Even George Soros, when he shorted sterling in 1992, was convinced that the pound was so overvalued that there was only one way it could go: down. That’s a bargain of a different kind, but a bargain nonetheless.
- Do your own legwork
How do they find investment bargains? Not in the daily paper: you might find some good investment ideas there, but you won’t find any true bargains.
The simple answer is: on their own. After all, almost by definition, an investment is only a bargain if hardly anybody knows about it. As soon as the big players discover it, the price goes up.
So it takes time and energy to find an investment bargain. As a result, all the great investors specialize. They have different styles, they have different methods, and they look for different things. That’s what they spend most of their time doing: searching, not buying.
So the only way you’re going to find bargains in the market is the same way: by doing your own legwork.
- “When there’s nothing to do, do nothing”
A mistake many investors make is to think that if they’re doing nothing, they’re not investing.
Nothing could be further from the truth. Every great investor specializes in a very few kinds of investments. As a result, there will always be stretches of time when he can’t find anything he wants to buy.
For example, a friend of mine specializes in real estate. His rule is to only buy something when he can net 1% per month. He’s a Londoner so—aside from collecting the rent!—he’s been sitting on his thumbs for quite a while.
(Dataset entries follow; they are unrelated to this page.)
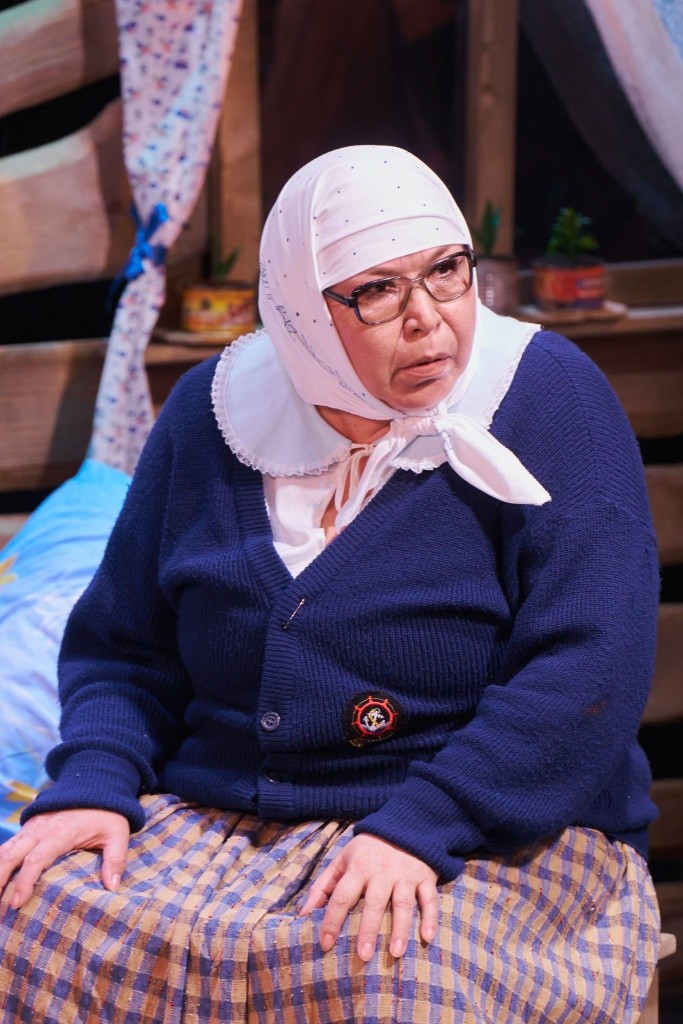 Она не боится быть смешной и некрасивой. Бабка из спектакля Семейный портрет с посторонним.jpg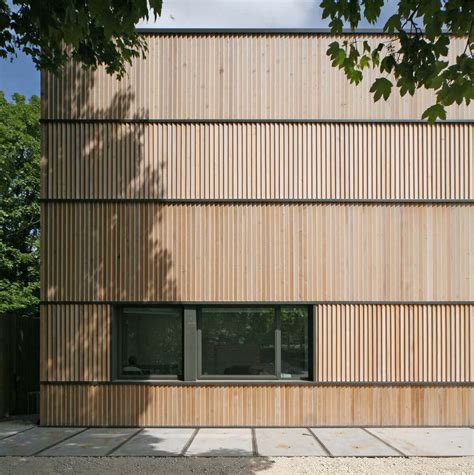 Vertical Grain Siberian Larch Cladding Russwood Quality Timber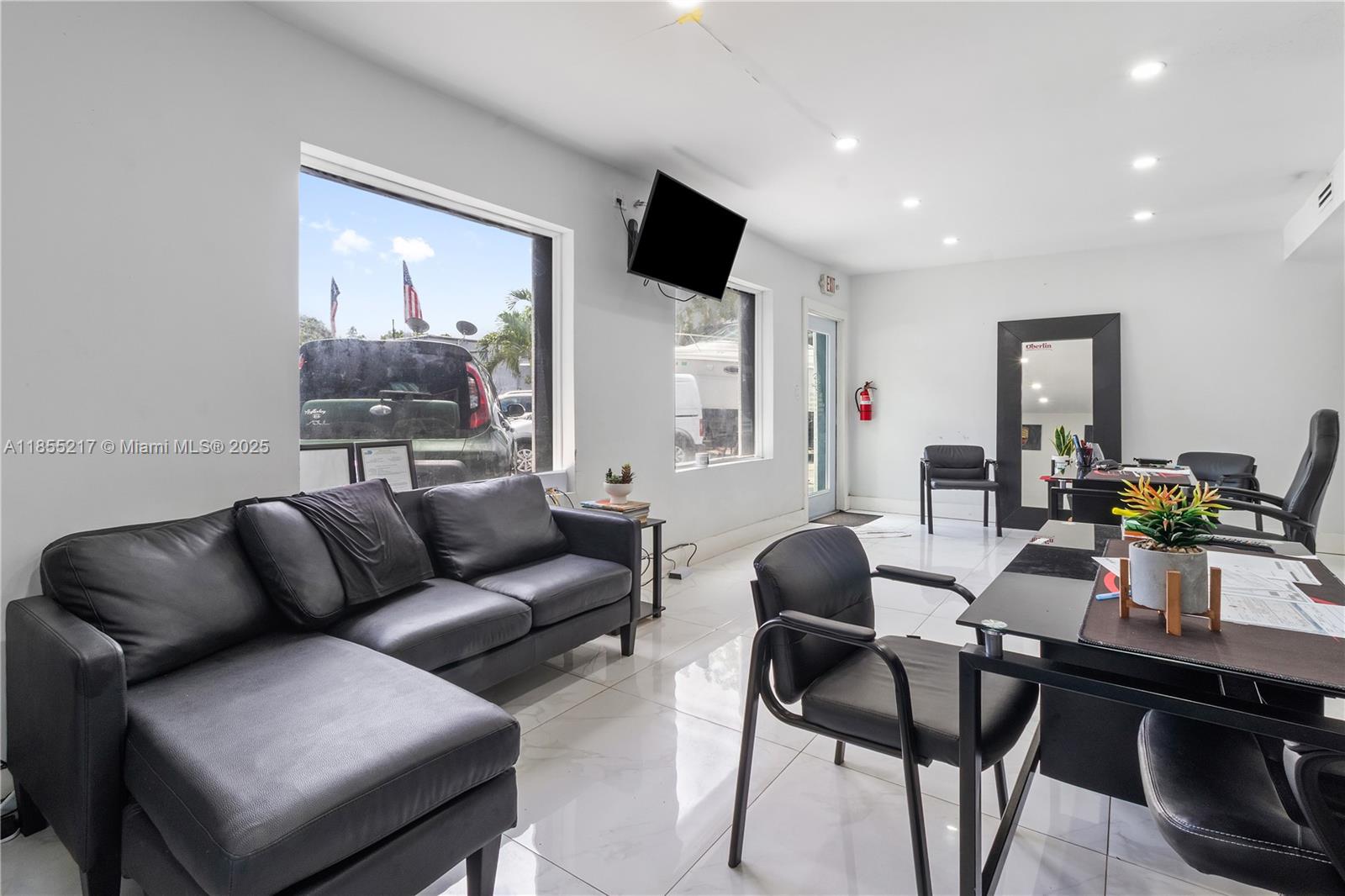 1235 NW 54th St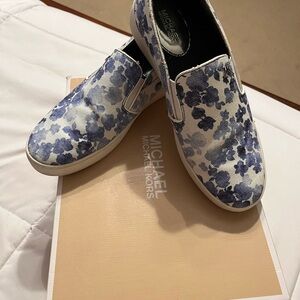 Michael Kors Blue Floral Slip on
Is he tempted to do something different? Absolutely not. He’s made money for decades, sticking to his knitting, and every time he tried something different, he lost money. So he stopped.
In any case, his real estate holdings are doing very well right now, thank you very much.
- If you don’t know when you’re going to sell, don’t buy
This is another rule all great investors follow. It’s a major cause of their success.
Think about it. You buy something because you think you are going to make a profit. You spend a lot of time so you feel sure you will. Now you own it. It drops in price.
What are you going to do?
If you haven’t thought about this in advance, there is a good chance you will panic or procrastinate while the price collapses.
Or … what if it goes up—doubles or triples—what then? I’ll bet you’ve taken a profit many times only to see the stock continue to soar. How can you know, in advance, when it’s likely to be the right time to take a profit? Only by considering all the possibilities.
The great investors all have; and will never make an investment without first having a detailed exit strategy. Follow their lead, and your investment returns should soar.
- Benchmark yourself.
It’s tough to beat the market. Most fund managers don’t, on average, over time.
If you’re not doing better than an index fund, then you’re not getting paid for the time and energy you’ve spent studying the markets. Much better to put your money in such a fund and spend your time looking for that handful of investments you are so positive are such great bargains that you’re all but guaranteed to beat the market.
Alternatively, consider the advice from a great trader. When asked what the average trader should do, he replied:
“The average trader should find a great trader to do his trading for him, and then go do something he really loves to do.”
Exactly the same advice applies to the average investor.
Find a great investor to do your investing for you, and focus your energy on something you really love to do.